Would today mark the day cryptocurrency went mainstream? No, probably not. I would argue we hit that pinnacle some time in December 2017 – but in the same way the internet went mainstream with Netscape, Yahoo and chat rooms. Crypto doesn’t quite have its Google yet (although Bitcoin is here to stay!), and today could very possibly mark the day we see something of the sort.
Facebook announced their very own cryptocurrency back in May, after Bloomberg got wind last year December that they were going to trial crypto payments via Whatsapp in India. Facebook then made it clear earlier this month (June) that they would be announcing the full details of their cryptocurrency project today, 18th June.
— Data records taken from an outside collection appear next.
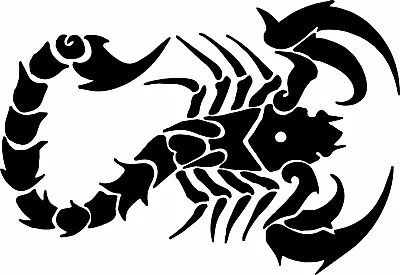 Scorpion Arachnid Insect Animal Tribal Truck Window Vinyl Decal Sticker • $23.44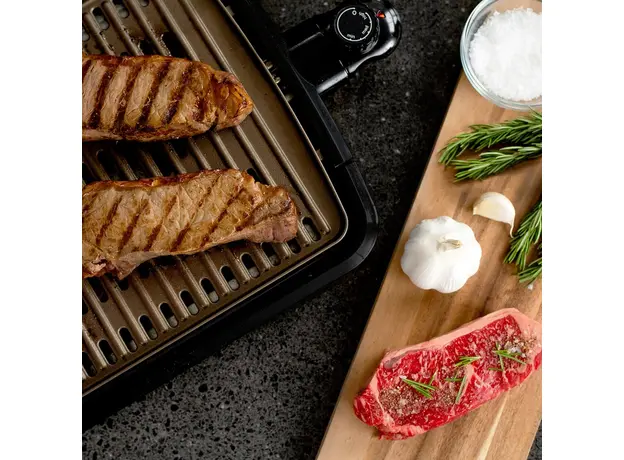 Гриль-барбекю George Foreman Smokeless BBQ Grill Large 25850-56 черный - изображение 8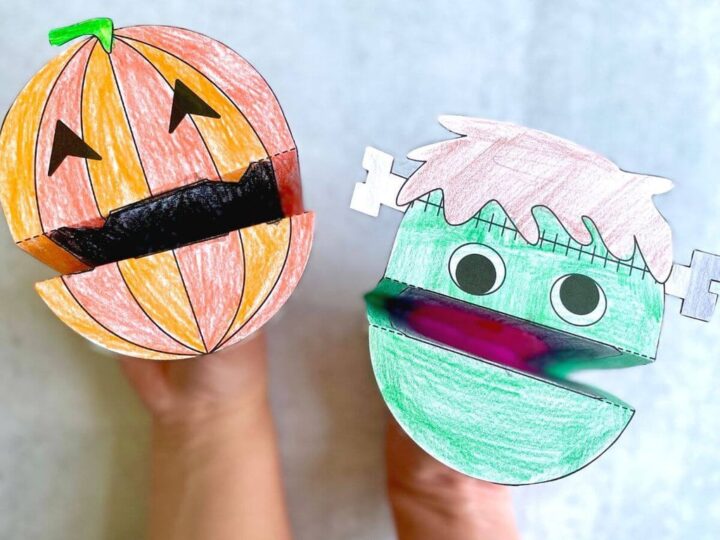 Image for Free Printable Halloween Puppets 
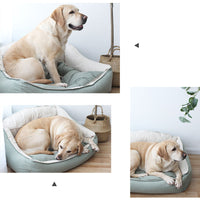HKM-5723965 Versatile Removable Washable Pet Mat for Small to Extra Large Dogs - Suede and Linen Design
Named “Libra”, Facebook officially announced it with a new website and a very 2017-like white paper.
Here are some key take aways from the Project Libra website…
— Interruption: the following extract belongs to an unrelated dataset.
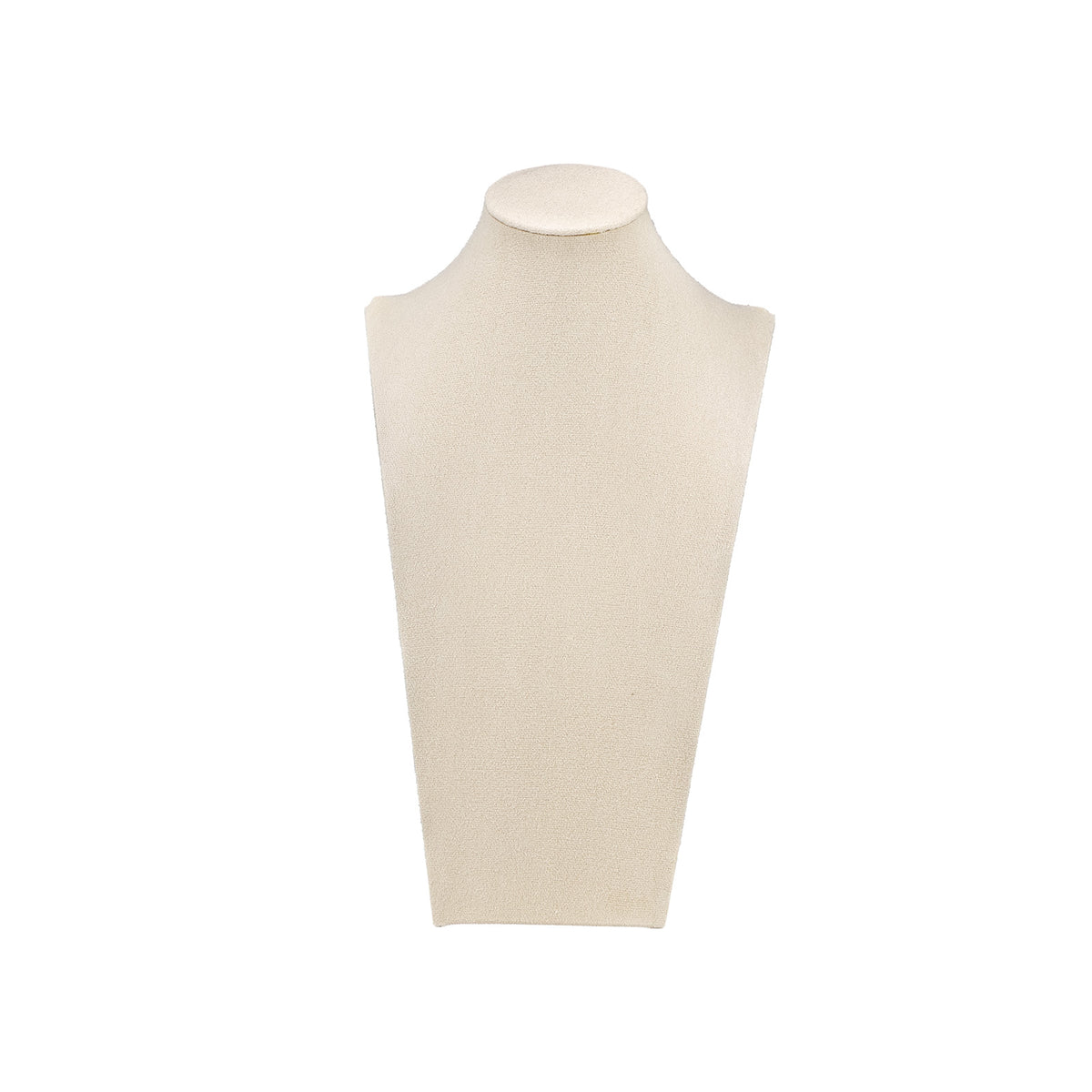 12" Beige Microfiber Necklace Bust Jewelry Display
1- The name “Libra” is a huge clue to Facebook’s ambitions
A Libra was a unit of weight in Ancient Rome, and was the last unit of weight before the “pound” became widely adopted. The pound became so widely adopted that it became the unit of account for Sterling Silver in the United Kingdom. Are Facebook hinting at their goals for their Libra coin? Or is it just a cool backstory?
2- PayPal, Uber, VISA, Naspers, eBay, Spotify, Vodafone, & others have all chipped in $10 million to run a node
The cryptocurrency will run validating nodes, in a similar structure to Bitcoin and other cryptocurrencies, but the big difference? The qualifications to run a validating node is to pay $10 million, have a market value of $1 billion, and be recognized as a top 100 industry leader by S&P. Running a node will cost $280,000 annually. Yes, that’s right. Centralized decentralization anyone? One thing I do note here is: A lot of companies will now be setting up “Libra” divisions – sharpen that CV, friends.
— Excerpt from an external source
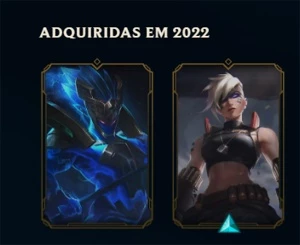 Conta plat3 28k EA com fragmentos - League of Legends LOL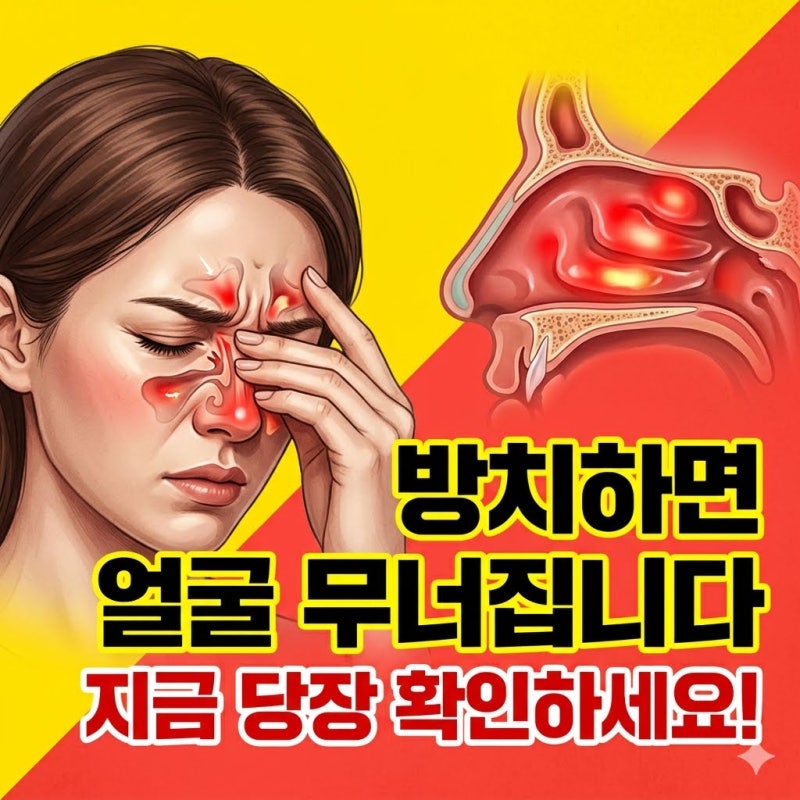 [이비인] 코 막히고 머리까지 아프다면? 축농증 원인·증상·약·코세척·좋은음식 완전 정리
3- They want to build the next PayPal
In the same way PayPal was built to service the marketplaces of the internet (it was built in part by eBay), Facebook recognise that the future of commerce is global. Hence they want to build an infrastructure that services this global economy.
4- It is a “stable coin”
Their goal is to ensure the value of the token remains stable. Facebook have not officially given which value they will peg it to as yet (ie. it won’t be $1 per Libra), but instead have said the token’s value will be determined by a number of economic factors tied to their bank deposits, securities, and historically stable international currencies.
5- It already has its own symbol
Just like the Euro (€) or the Dollar ($), along with every accepted currency in the world, Libra has its own symbol. Three “waves”, that could represent baskets?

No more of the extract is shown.